Albert Brooks
Born into show business—his father literally died on stage at a Friar's Club roast for Desi Arnaz and Lucille Ball, and his brother is Bob Einstein, a.k.a. "Super Dave" Osbourne—Albert Brooks is among the most innovative and respected comedians of his generation. As a stand-up, he made a name for himself on the talk-show circuit, appearing on The Steve Allen Show, The Dean Martin Show, The Ed Sullivan Show, and others before settling in for a semi-regular stint on The Tonight Show with Johnny Carson. After producing two groundbreaking comedy albums (Comedy Minus One and A Star Is Bought) and several short films for the nascent Saturday Night Live, Brooks wrote, directed, and starred in his first feature, 1979's Real Life, a prescient black comedy that anticipated the current reality-show craze. Though never a prolific filmmaker, Brooks makes up in quality what he lacks in quantity: His subsequent works include Modern Romance, Lost In America, Defending Your Life, Mother, and The Muse.

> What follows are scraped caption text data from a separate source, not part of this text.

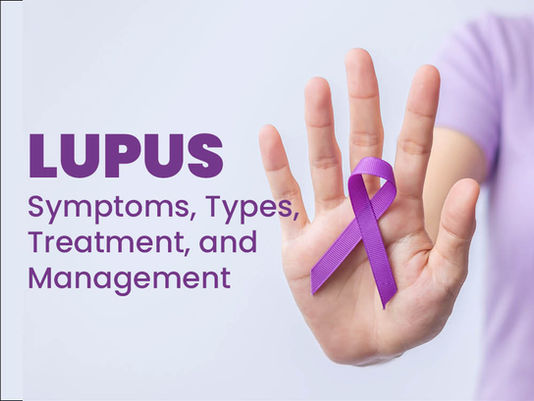 Lupus: Symptoms, Types, Treatment, and Management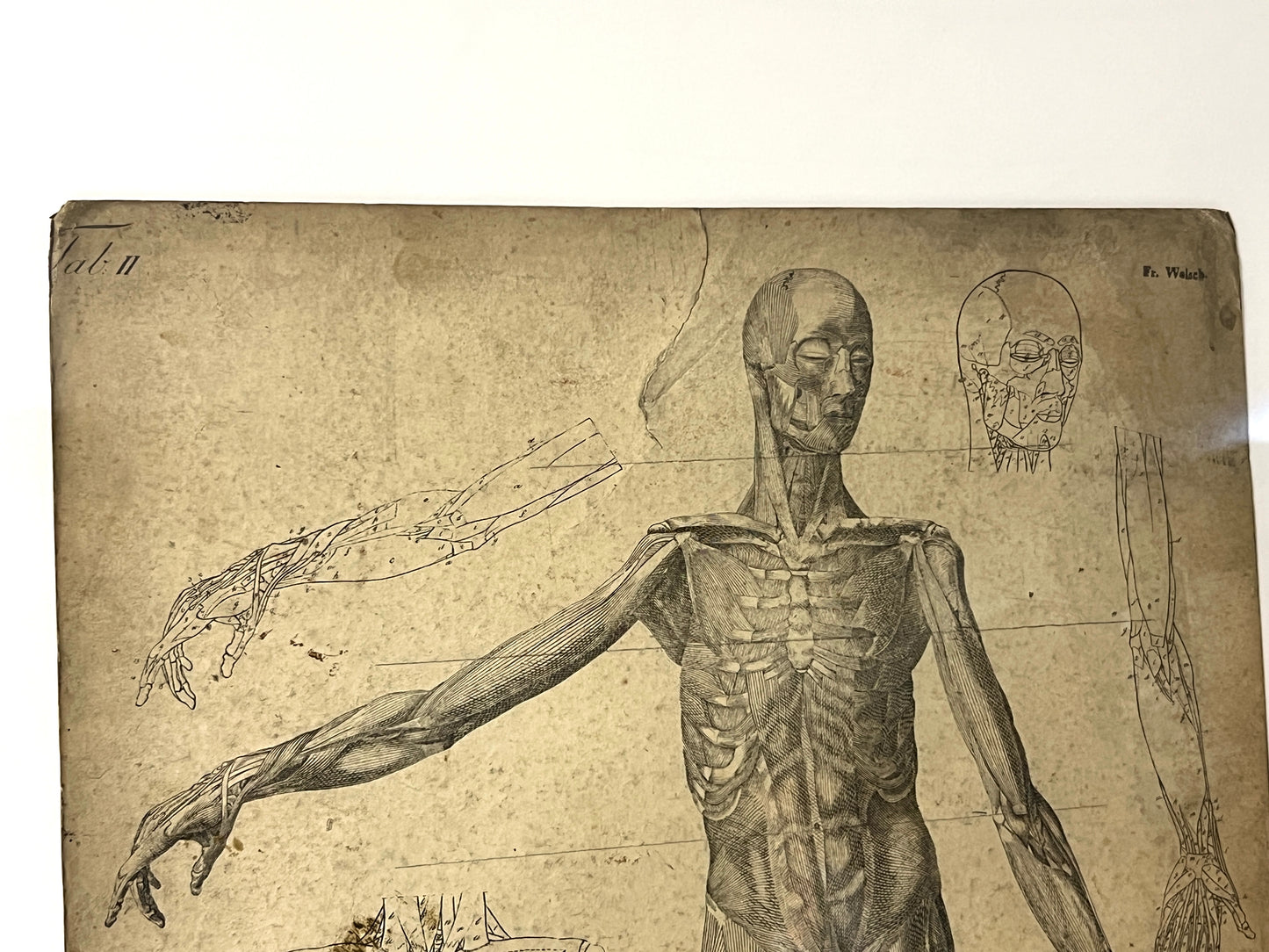 Dr Munz Fecit, A 19th Century Anatomical Etching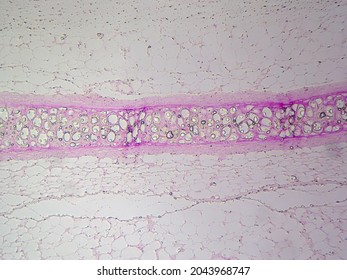 Histology Image Showing Hyaline Cartilage Perichondrium Stock Photo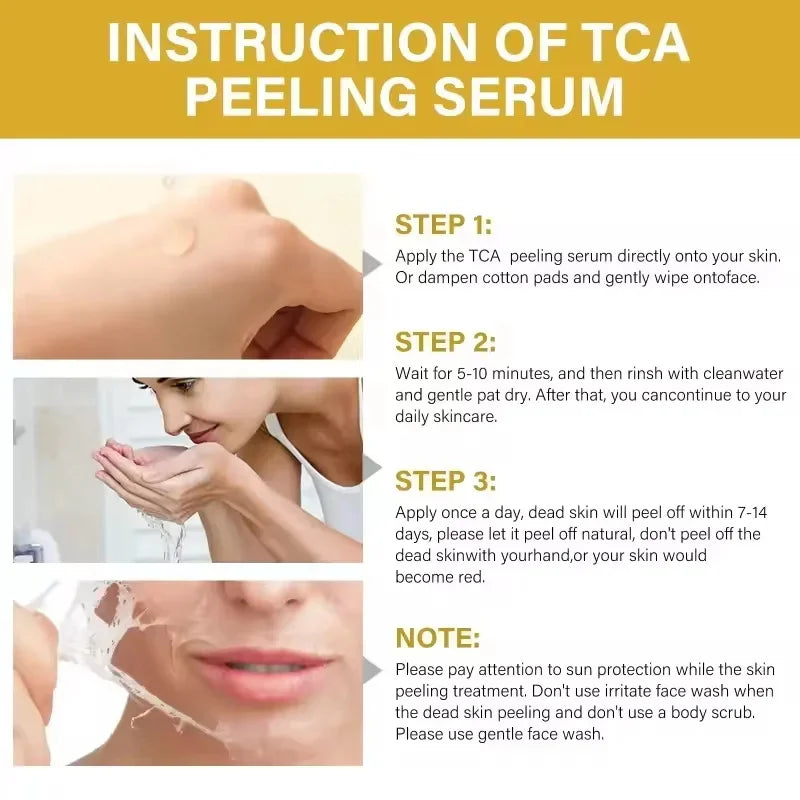 Acid Peeling Serum Chemical Exfoliant Peel For Remove Face Dark Skin Spots Whiten Lighten Melanin Peeling Solution Skin Peel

He's also made several prominent appearances as an actor, appearing in Taxi Driver, Out Of Sight, Finding Nemo, and—in an Oscar-nominated supporting role—James L. Brooks' Broadcast News. Brooks' latest effort, Looking For Comedy In The Muslim World, was dropped by its original studio, which balked at the title. But its story about an American comic (Brooks) sent on a government mission to India and Pakistan to see what makes Muslims laugh is a lighthearted, self-deprecating treat. Brooks recently spoke to The A.V. Club about comedy after 9/11, premièring Looking For Comedy at the Dubai International Film Festival, the former and current state of stand-up comedy, and how it's okay to bomb.

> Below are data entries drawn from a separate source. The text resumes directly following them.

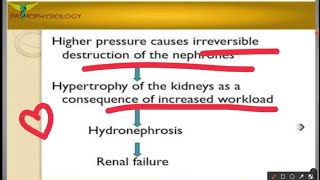 Hydronephrosis [upl. by Ellingston]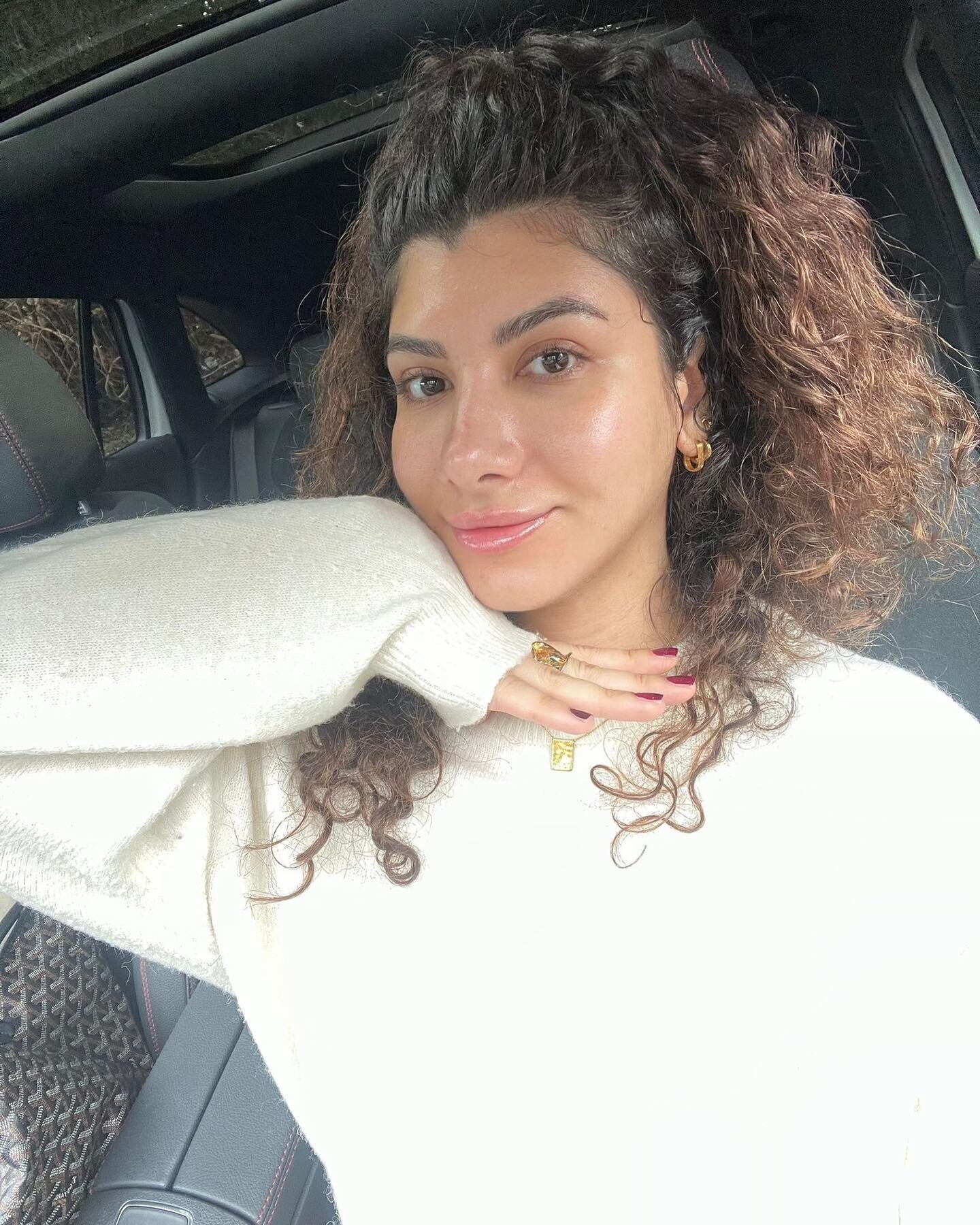 ✨ Glowing post-Metabolic Peel! ✨ Check out this stunning results from my beautiful client. 😍 

Experience a slight dryness initially, but in just 6/7 days, your skin will shine with even tone, defined pores, and a healthier glow 💛 

You have two op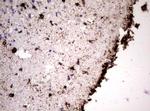 VIM Antibody in Immunohistochemistry (Paraffin) (IHC (P))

The A.V. Club: How did you arrive at the idea for Looking For Comedy In The Muslim World?
Albert Brooks: It was a slow process, because after 9/11, just when it came time for me to make another comedy movie, no one was doing anything comedy-wise in movies about this new world we were living in. And I felt that if I couldn't do it, I didn't want to do anything else. I said to somebody, "It's like if a 9.0 earthquake happened in Los Angeles, and then you made a movie about Los Angeles and you didn't include it." So to make a movie about some other subject just didn't feel right to me. I felt like this was the subject that had to be dealt with. Of course, you couldn't do anything [about the post-9/11 world] in a comedy for a year or so after. You didn't even know if there were going to be more attacks. You didn't even know what was gonna happen. And then somewhere around the end of 2002, I started trying to figure out how I could even make a comedy that deals with any of this. How? I started to think about it then, and so it formulated over the next year.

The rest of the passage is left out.